● **TASK TO COMPLETE**: All the records that follow need to be reproduced exactly. Omit the images.

● **Records from a dataset**:

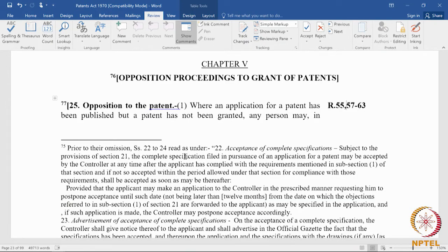Opposition proceedings to grant of patents: Section 25 deals with opposition to the patent. Section 25-1 deals with opposition before the grant, which means a case where you can oppose a patent application, also commonly called pre-grant opposition. Section 25-2 deals with post-grant opposition, or opposition after the grant of a patent.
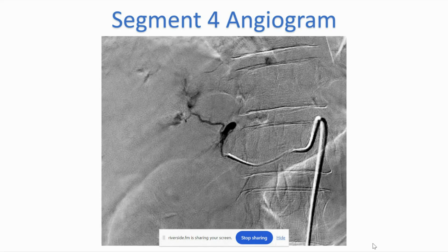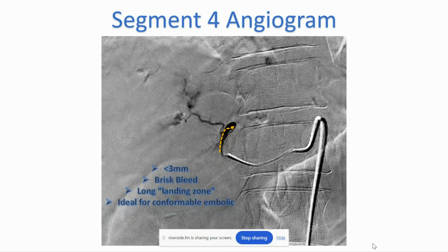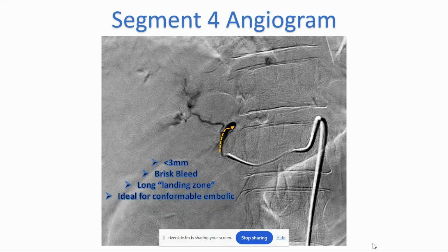And you can see here, again zoomed up, this is the angiogram that delineates where that bleed is. And this is what I was talking about — having a nice runway. You can see here. There's a nice long landing zone, as delineated by that orange dashed arrow.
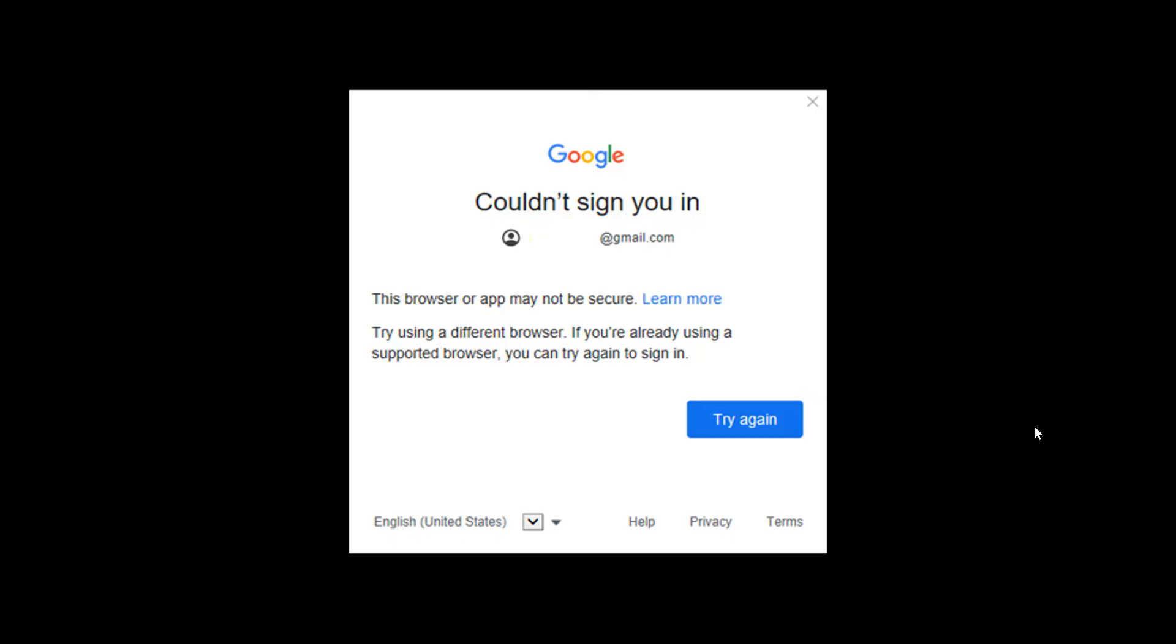Now this is the first error we are looking at where it says the browser or app may not be secure.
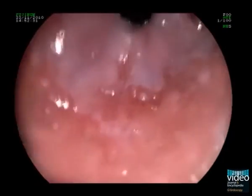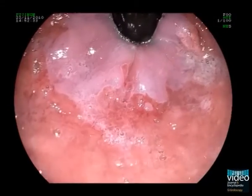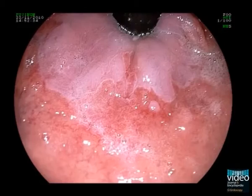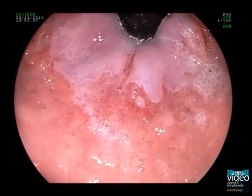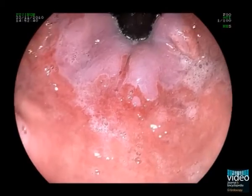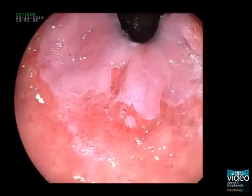After spraying with 1.5% acetic acid solution, the mucosal surface can be better visualized. In the center of the lesion, a subtle irregularity of the mucosal surface pattern can be seen.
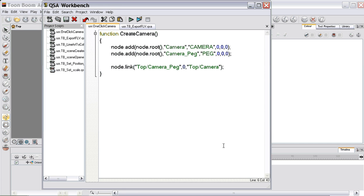James here. We're just going to finish off the script and export it and create an icon.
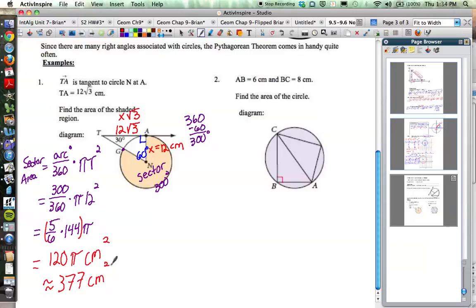That is the area of the shaded region. You can see we used work from right triangles in this unit, as well as work from chapter 8 and chapter 6 with the conjectures. We're drawing from our entire year's knowledge bank to solve these problems.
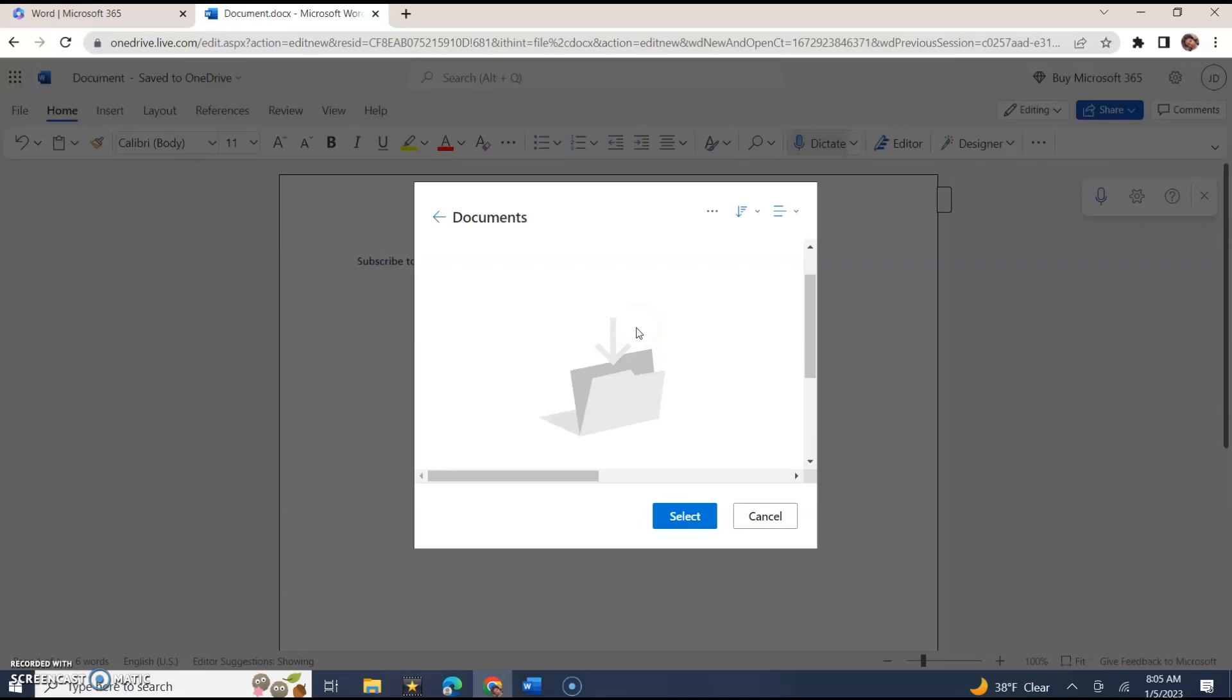You could always explore that. This is not that type of video. I just wanted to show you how you could use Microsoft Office, including Microsoft Word, for free. I'll see you in the next one, bye-bye.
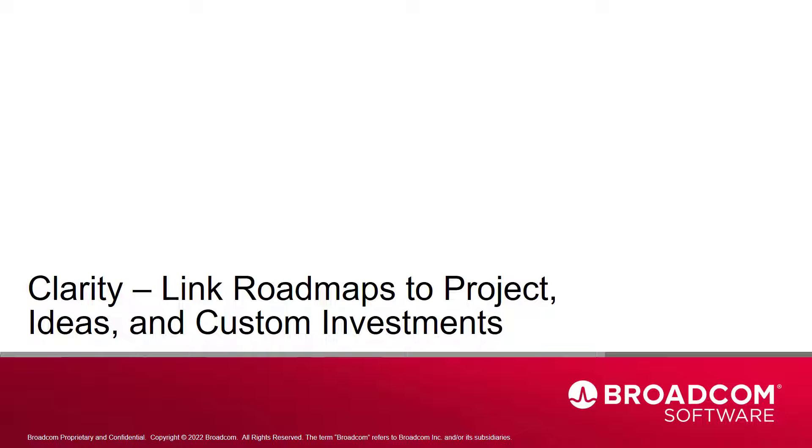Hi and welcome to the third video of the Clarity Roadmap series. I'm Katherine Ellis, a Product Manager with Clarity.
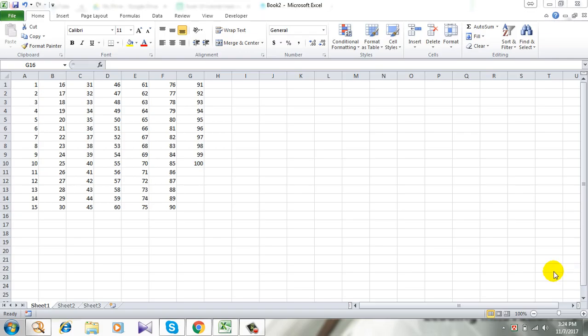Hello everyone, welcome to Excel 10 tutorial. In this tutorial I will show you how to circle invalid data in Excel. This is a beginner's level tutorial and it is very easy. Remember I am using Microsoft Excel 2010 for this demonstration.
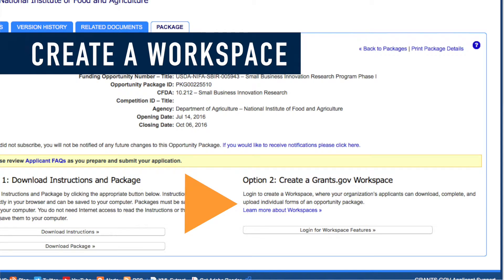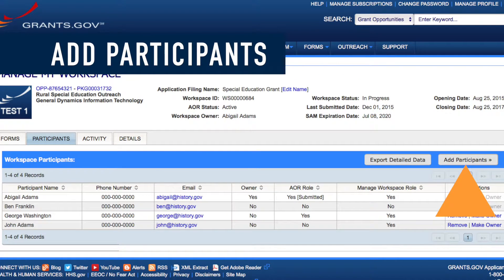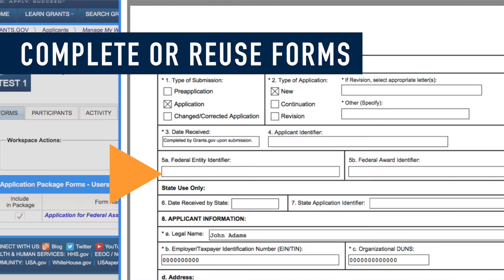First, you create a workspace on the View Grant Opportunity page under the Package tab. Then add participants to the workspace from your organization's pool of registered users. Begin working on separate forms or reuse forms from previous workspaces.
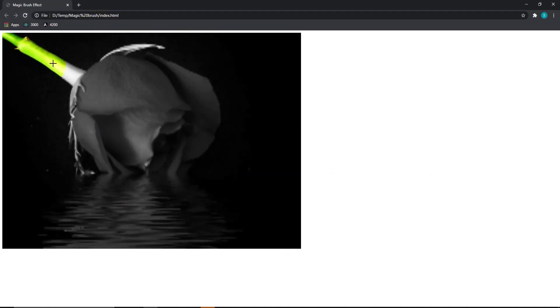Hi friends, today I am going to show you this magic brush effect using HTML, CSS, and JavaScript.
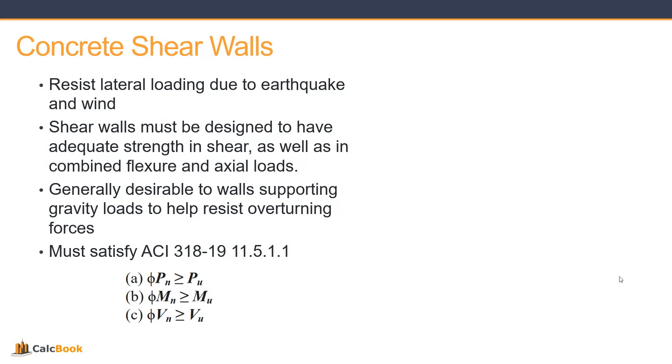So just a quick recap on shear walls. We typically design shear walls to resist lateral loading due to earthquake and wind. They resist shear, and they also resist flexure and axial loads. And if possible, it's usually desirable to have the walls support gravity loads, which helps resist the overturning forces. We satisfy our demand capacity limitations from ACI for axial, moment, and shear.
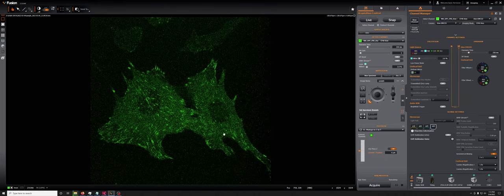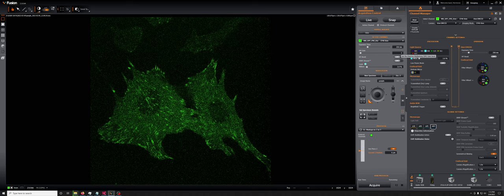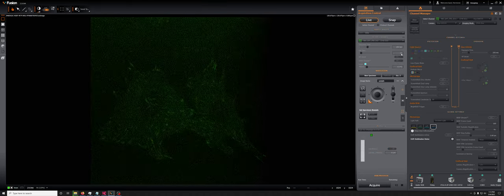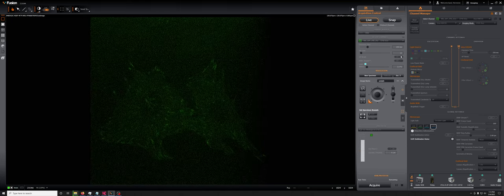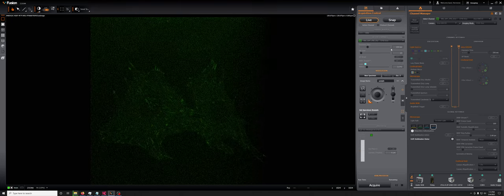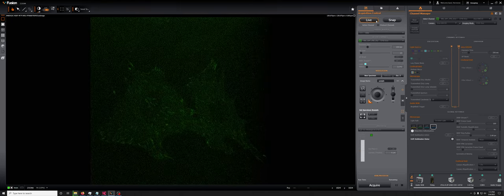So if you're in a situation like this, what you should do is start doubling the EM gain and seeing how the image changed. You can see already going from five to ten, we have a significant improvement.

● **RESULT**:
Opposition proceedings to grant of patents: Section 25 deals with opposition to the patent. Section 25-1 deals with opposition before the grant, which means a case where you can oppose a patent application, also commonly called pre-grant opposition. Section 25-2 deals with post-grant opposition, or opposition after the grant of a patent.
And you can see here, again zoomed up, this is the angiogram that delineates where that bleed is. And this is what I was talking about — having a nice runway. You can see here. There's a nice long landing zone, as delineated by that orange dashed arrow.
Now this is the first error we are looking at where it says the browser or app may not be secure.
After spraying with 1.5% acetic acid solution, the mucosal surface can be better visualized. In the center of the lesion, a subtle irregularity of the mucosal surface pattern can be seen.
James here. We're just going to finish off the script and export it and create an icon.
That is the area of the shaded region. You can see we used work from right triangles in this unit, as well as work from chapter 8 and chapter 6 with the conjectures. We're drawing from our entire year's knowledge bank to solve these problems.
You could always explore that. This is not that type of video. I just wanted to show you how you could use Microsoft Office, including Microsoft Word, for free. I'll see you in the next one, bye-bye.
Hi and welcome to the third video of the Clarity Roadmap series. I'm Katherine Ellis, a Product Manager with Clarity.
Hello everyone, welcome to Excel 10 tutorial. In this tutorial I will show you how to circle invalid data in Excel. This is a beginner's level tutorial and it is very easy. Remember I am using Microsoft Excel 2010 for this demonstration.
First, you create a workspace on the View Grant Opportunity page under the Package tab. Then add participants to the workspace from your organization's pool of registered users. Begin working on separate forms or reuse forms from previous workspaces.
Hi friends, today I am going to show you this magic brush effect using HTML, CSS, and JavaScript.
So just a quick recap on shear walls. We typically design shear walls to resist lateral loading due to earthquake and wind. They resist shear, and they also resist flexure and axial loads. And if possible, it's usually desirable to have the walls support gravity loads, which helps resist the overturning forces. We satisfy our demand capacity limitations from ACI for axial, moment, and shear.
So if you're in a situation like this, what you should do is start doubling the EM gain and seeing how the image changed. You can see already going from five to ten, we have a significant improvement.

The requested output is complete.